─── Source data

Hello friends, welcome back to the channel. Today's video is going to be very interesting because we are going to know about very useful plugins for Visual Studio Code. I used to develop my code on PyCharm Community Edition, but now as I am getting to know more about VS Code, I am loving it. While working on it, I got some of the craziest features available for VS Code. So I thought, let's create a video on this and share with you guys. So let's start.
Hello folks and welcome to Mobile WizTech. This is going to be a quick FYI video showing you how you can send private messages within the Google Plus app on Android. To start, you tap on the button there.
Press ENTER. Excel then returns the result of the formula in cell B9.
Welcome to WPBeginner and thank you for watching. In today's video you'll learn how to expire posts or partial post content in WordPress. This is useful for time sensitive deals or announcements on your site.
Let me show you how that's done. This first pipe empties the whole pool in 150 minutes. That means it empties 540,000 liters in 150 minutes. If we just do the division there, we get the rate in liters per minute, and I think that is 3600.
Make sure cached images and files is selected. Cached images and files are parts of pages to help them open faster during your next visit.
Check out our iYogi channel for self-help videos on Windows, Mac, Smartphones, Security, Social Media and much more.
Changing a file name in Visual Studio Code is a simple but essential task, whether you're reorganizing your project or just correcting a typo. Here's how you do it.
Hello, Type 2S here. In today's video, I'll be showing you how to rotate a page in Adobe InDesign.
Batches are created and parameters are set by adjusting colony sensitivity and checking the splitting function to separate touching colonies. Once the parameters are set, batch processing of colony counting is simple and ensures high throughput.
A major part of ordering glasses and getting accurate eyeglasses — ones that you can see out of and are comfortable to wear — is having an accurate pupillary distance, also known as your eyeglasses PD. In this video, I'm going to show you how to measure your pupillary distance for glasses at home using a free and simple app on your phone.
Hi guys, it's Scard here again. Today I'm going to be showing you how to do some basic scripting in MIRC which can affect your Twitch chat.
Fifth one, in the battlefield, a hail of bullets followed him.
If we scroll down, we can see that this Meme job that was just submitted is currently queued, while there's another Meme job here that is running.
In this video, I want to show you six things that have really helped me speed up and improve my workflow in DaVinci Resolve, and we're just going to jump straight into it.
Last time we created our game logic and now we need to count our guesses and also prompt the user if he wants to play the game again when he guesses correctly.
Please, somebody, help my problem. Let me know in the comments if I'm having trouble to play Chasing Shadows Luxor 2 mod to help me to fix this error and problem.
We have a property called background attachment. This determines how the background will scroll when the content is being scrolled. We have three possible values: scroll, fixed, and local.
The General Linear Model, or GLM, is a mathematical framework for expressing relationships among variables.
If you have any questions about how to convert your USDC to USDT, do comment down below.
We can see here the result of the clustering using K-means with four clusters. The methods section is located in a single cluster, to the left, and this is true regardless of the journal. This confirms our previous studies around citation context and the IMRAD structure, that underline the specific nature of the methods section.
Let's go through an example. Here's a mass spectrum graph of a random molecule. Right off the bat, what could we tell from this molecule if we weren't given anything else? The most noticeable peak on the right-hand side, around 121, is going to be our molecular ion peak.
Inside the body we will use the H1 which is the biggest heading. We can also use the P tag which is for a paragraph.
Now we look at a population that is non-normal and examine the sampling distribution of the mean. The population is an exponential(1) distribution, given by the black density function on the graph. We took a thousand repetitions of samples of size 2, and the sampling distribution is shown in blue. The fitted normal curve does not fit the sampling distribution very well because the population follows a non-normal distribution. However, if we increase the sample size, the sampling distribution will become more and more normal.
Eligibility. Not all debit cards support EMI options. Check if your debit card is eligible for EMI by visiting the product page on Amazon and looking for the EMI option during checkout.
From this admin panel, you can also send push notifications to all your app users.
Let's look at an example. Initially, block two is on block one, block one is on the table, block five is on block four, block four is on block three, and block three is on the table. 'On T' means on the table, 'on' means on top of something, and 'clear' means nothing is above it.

──────

- Problem requirements
Write the records out once more. Change nothing.

- Exercise response
Hello friends, welcome back to the channel. Today's video is going to be very interesting because we are going to know about very useful plugins for Visual Studio Code. I used to develop my code on PyCharm Community Edition, but now as I am getting to know more about VS Code, I am loving it. While working on it, I got some of the craziest features available for VS Code. So I thought, let's create a video on this and share with you guys. So let's start.
Hello folks and welcome to Mobile WizTech. This is going to be a quick FYI video showing you how you can send private messages within the Google Plus app on Android. To start, you tap on the button there.
Press ENTER. Excel then returns the result of the formula in cell B9.
Welcome to WPBeginner and thank you for watching. In today's video you'll learn how to expire posts or partial post content in WordPress. This is useful for time sensitive deals or announcements on your site.
Let me show you how that's done. This first pipe empties the whole pool in 150 minutes. That means it empties 540,000 liters in 150 minutes. If we just do the division there, we get the rate in liters per minute, and I think that is 3600.
Make sure cached images and files is selected. Cached images and files are parts of pages to help them open faster during your next visit.
Check out our iYogi channel for self-help videos on Windows, Mac, Smartphones, Security, Social Media and much more.
Changing a file name in Visual Studio Code is a simple but essential task, whether you're reorganizing your project or just correcting a typo. Here's how you do it.
Hello, Type 2S here. In today's video, I'll be showing you how to rotate a page in Adobe InDesign.
Batches are created and parameters are set by adjusting colony sensitivity and checking the splitting function to separate touching colonies. Once the parameters are set, batch processing of colony counting is simple and ensures high throughput.
A major part of ordering glasses and getting accurate eyeglasses — ones that you can see out of and are comfortable to wear — is having an accurate pupillary distance, also known as your eyeglasses PD. In this video, I'm going to show you how to measure your pupillary distance for glasses at home using a free and simple app on your phone.
Hi guys, it's Scard here again. Today I'm going to be showing you how to do some basic scripting in MIRC which can affect your Twitch chat.
Fifth one, in the battlefield, a hail of bullets followed him.
If we scroll down, we can see that this Meme job that was just submitted is currently queued, while there's another Meme job here that is running.
In this video, I want to show you six things that have really helped me speed up and improve my workflow in DaVinci Resolve, and we're just going to jump straight into it.
Last time we created our game logic and now we need to count our guesses and also prompt the user if he wants to play the game again when he guesses correctly.
Please, somebody, help my problem. Let me know in the comments if I'm having trouble to play Chasing Shadows Luxor 2 mod to help me to fix this error and problem.
We have a property called background attachment. This determines how the background will scroll when the content is being scrolled. We have three possible values: scroll, fixed, and local.
The General Linear Model, or GLM, is a mathematical framework for expressing relationships among variables.
If you have any questions about how to convert your USDC to USDT, do comment down below.
We can see here the result of the clustering using K-means with four clusters. The methods section is located in a single cluster, to the left, and this is true regardless of the journal. This confirms our previous studies around citation context and the IMRAD structure, that underline the specific nature of the methods section.
Let's go through an example. Here's a mass spectrum graph of a random molecule. Right off the bat, what could we tell from this molecule if we weren't given anything else? The most noticeable peak on the right-hand side, around 121, is going to be our molecular ion peak.
Inside the body we will use the H1 which is the biggest heading. We can also use the P tag which is for a paragraph.
Now we look at a population that is non-normal and examine the sampling distribution of the mean. The population is an exponential(1) distribution, given by the black density function on the graph. We took a thousand repetitions of samples of size 2, and the sampling distribution is shown in blue. The fitted normal curve does not fit the sampling distribution very well because the population follows a non-normal distribution. However, if we increase the sample size, the sampling distribution will become more and more normal.
Eligibility. Not all debit cards support EMI options. Check if your debit card is eligible for EMI by visiting the product page on Amazon and looking for the EMI option during checkout.
From this admin panel, you can also send push notifications to all your app users.
Let's look at an example. Initially, block two is on block one, block one is on the table, block five is on block four, block four is on block three, and block three is on the table. 'On T' means on the table, 'on' means on top of something, and 'clear' means nothing is above it.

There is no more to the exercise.